Over the next four years, the project will focus on developing technology that will send the electricity generated by the orbiting solar panels back to Earth in the form of microwaves.
In 2015, the government plans to launch a small satellite fitted with solar panels, which will be used to test the effectiveness with which the technology can beam electricity from space through the ionosphere – the outermost layer of Earth’s atmosphere. The station is expected to be fully operational in the 2030s.
"It sounds like a science fiction cartoon, but solar power generation in space may be a significant alternative energy source in the century ahead as fossil fuel disappears," Kensuke Kanekiyo, managing director of government think-tank Institute of Energy Economics, told the Bloomberg news agency.
The project is being led by the trade ministry and the Japan Aerospace Exploration Agency, with participation by a research group representing 16 businesses.
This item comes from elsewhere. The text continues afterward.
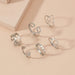 Wholesale hollow out love ring set JDC-RS-KQ005 Rings JoyasDeChina Wholesale Jewelry JoyasDeChina Joyas De China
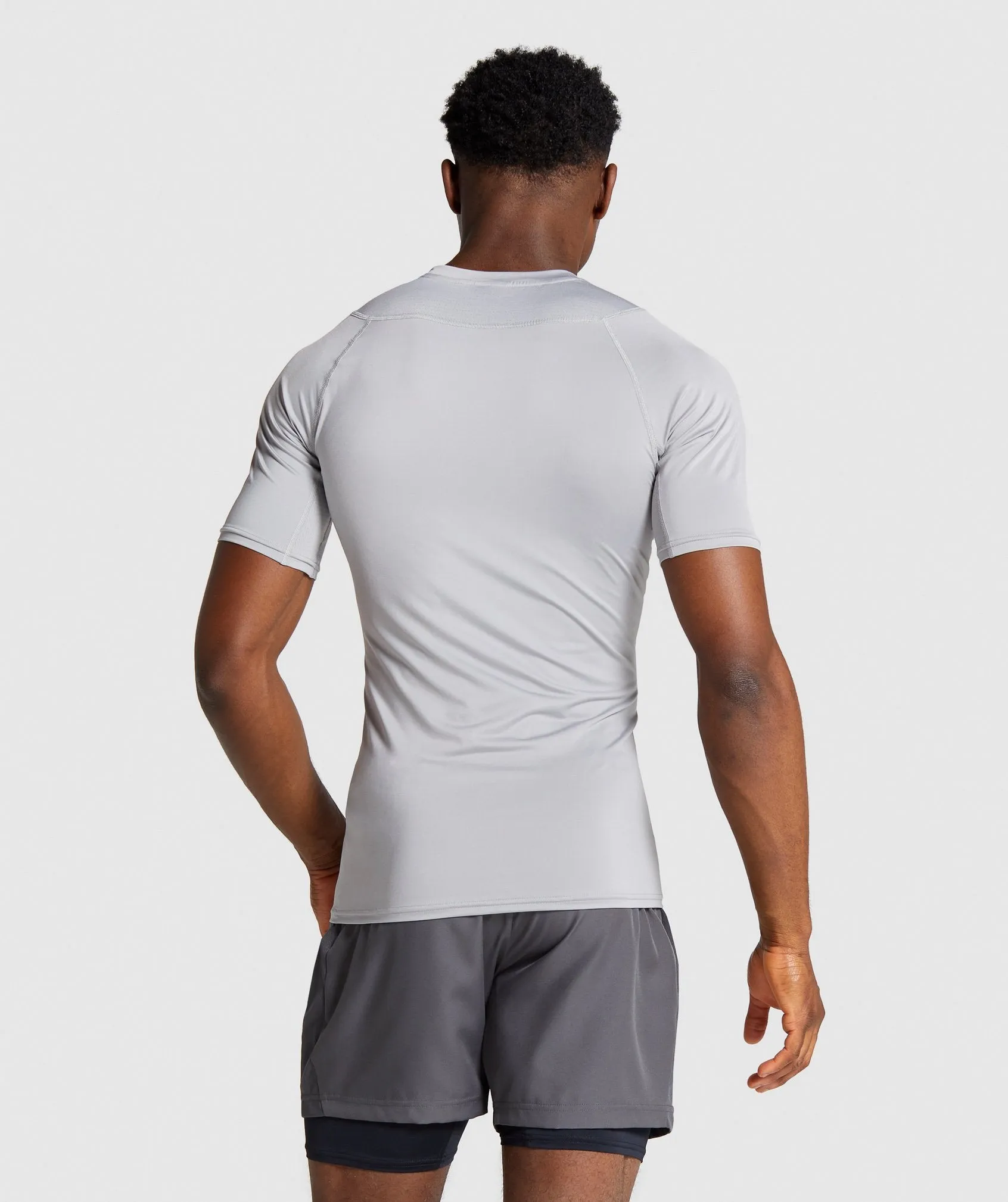 Gymshark Element Baselayer T-Shirt - Light Grey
They include Japanese thin-film photovoltaic module producer Mitsubishi Heavy Industries, its solar cell and satellite-making sister company Mitsubishi Electric Corp, and Tokyo-based IHI Corp, which produces space development-related equipment.
Transporting panels to the planned solar station will be prohibitively expensive, so Japan needs to find a way to reduce costs to make it commercially viable, Hiroshi Yoshida, chief executive of Excalibur, a Tokyo-based space and defense policy consultancy, told Bloomberg.
"These expenses need to be lowered to a hundredth of current estimates," he warned.
However, advocates of space solar projects point out that solar energy at the edge of the Earth's atmosphere is estimated to be 10 times greater than on the surface, as there is no atmospheric or cloud interference. Much of the technology required to transmit the energy to Earth is also based on existing satellite systems.
The Japanese project mirrors a similar US initiative that earlier this year saw energy giant PG&E announce that it would purchase power provided by California-based space solar firm Solaren Corp, which is aiming to start beaming solar power from outer space within seven years.